If you and your family are going to be relocating to another country in the near future, you're probably both excited and apprehensive at the same time. Experiencing a new culture by living in another country is a life-enriching experience, and you can smooth over the bumps in the road by following a few simple strategies. Following are three ways that you and your family can transition to life abroad as seamlessly as possible.
Be Proactive Against Culture Shock
Culture shock is a very real phenomenon that affects many people who move to another country. Even those who have visited the country where they are moving to are likely to experience culture shock -- bear in mind that actually living in a country is vastly different from experiencing it as a tourist.
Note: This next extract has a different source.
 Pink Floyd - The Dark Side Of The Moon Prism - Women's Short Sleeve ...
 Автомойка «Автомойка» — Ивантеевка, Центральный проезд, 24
Fortunately, there are several ways that you can prepare yourself and your family for moving overseas, such as:
- Take a course together in the language of the country in which you'll be living before you make the move.
- Research the city and neighborhood you'll be living in online prior to moving, including local customs regarding clothing.
- Once you make the move, establish local coffee shops, pubs, churches or comfortable, positive places where you can be a part of the community.
Although interacting with citizens of your new country will be an important factor in overcoming culture shock, you should also seek out groups of other Americans who may be living in the same area. Fortunately, the Internet makes this a snap -- look for social media groups comprised of those who have made the move before you.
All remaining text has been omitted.